Task to carry out: Every record that follows should be printed verbatim.

══ Records for this exercise

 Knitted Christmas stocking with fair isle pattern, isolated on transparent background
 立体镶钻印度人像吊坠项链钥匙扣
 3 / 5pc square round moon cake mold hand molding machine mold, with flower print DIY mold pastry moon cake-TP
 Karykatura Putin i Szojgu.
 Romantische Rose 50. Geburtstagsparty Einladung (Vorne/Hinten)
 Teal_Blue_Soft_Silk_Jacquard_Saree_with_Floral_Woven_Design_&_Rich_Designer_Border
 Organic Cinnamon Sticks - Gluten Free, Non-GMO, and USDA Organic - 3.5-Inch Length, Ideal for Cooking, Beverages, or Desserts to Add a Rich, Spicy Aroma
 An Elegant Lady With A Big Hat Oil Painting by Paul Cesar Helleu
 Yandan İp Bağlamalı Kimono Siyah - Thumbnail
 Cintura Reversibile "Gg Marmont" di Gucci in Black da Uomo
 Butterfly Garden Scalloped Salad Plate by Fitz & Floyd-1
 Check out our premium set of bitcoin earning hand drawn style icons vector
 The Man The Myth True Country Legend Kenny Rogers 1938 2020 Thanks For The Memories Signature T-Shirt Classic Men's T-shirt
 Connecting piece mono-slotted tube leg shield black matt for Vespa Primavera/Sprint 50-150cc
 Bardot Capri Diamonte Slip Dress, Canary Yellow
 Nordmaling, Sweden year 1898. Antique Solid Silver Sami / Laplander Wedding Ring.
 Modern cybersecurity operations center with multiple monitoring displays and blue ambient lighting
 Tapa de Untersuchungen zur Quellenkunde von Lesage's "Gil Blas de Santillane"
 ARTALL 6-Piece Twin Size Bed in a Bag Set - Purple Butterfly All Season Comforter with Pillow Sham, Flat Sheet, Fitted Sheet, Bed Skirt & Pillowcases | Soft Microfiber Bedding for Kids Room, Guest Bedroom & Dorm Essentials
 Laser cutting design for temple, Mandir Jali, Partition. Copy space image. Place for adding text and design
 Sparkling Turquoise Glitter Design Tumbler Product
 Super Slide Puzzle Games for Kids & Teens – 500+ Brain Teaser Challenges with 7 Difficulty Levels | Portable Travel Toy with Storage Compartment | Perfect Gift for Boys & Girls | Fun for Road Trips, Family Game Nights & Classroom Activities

════

Solution:
 Knitted Christmas stocking with fair isle pattern, isolated on transparent background
 立体镶钻印度人像吊坠项链钥匙扣
 3 / 5pc square round moon cake mold hand molding machine mold, with flower print DIY mold pastry moon cake-TP
 Karykatura Putin i Szojgu.
 Romantische Rose 50. Geburtstagsparty Einladung (Vorne/Hinten)
 Teal_Blue_Soft_Silk_Jacquard_Saree_with_Floral_Woven_Design_&_Rich_Designer_Border
 Organic Cinnamon Sticks - Gluten Free, Non-GMO, and USDA Organic - 3.5-Inch Length, Ideal for Cooking, Beverages, or Desserts to Add a Rich, Spicy Aroma
 An Elegant Lady With A Big Hat Oil Painting by Paul Cesar Helleu
 Yandan İp Bağlamalı Kimono Siyah - Thumbnail
 Cintura Reversibile "Gg Marmont" di Gucci in Black da Uomo
 Butterfly Garden Scalloped Salad Plate by Fitz & Floyd-1
 Check out our premium set of bitcoin earning hand drawn style icons vector
 The Man The Myth True Country Legend Kenny Rogers 1938 2020 Thanks For The Memories Signature T-Shirt Classic Men's T-shirt
 Connecting piece mono-slotted tube leg shield black matt for Vespa Primavera/Sprint 50-150cc
 Bardot Capri Diamonte Slip Dress, Canary Yellow
 Nordmaling, Sweden year 1898. Antique Solid Silver Sami / Laplander Wedding Ring.
 Modern cybersecurity operations center with multiple monitoring displays and blue ambient lighting
 Tapa de Untersuchungen zur Quellenkunde von Lesage's "Gil Blas de Santillane"
 ARTALL 6-Piece Twin Size Bed in a Bag Set - Purple Butterfly All Season Comforter with Pillow Sham, Flat Sheet, Fitted Sheet, Bed Skirt & Pillowcases | Soft Microfiber Bedding for Kids Room, Guest Bedroom & Dorm Essentials
 Laser cutting design for temple, Mandir Jali, Partition. Copy space image. Place for adding text and design
 Sparkling Turquoise Glitter Design Tumbler Product
 Super Slide Puzzle Games for Kids & Teens – 500+ Brain Teaser Challenges with 7 Difficulty Levels | Portable Travel Toy with Storage Compartment | Perfect Gift for Boys & Girls | Fun for Road Trips, Family Game Nights & Classroom Activities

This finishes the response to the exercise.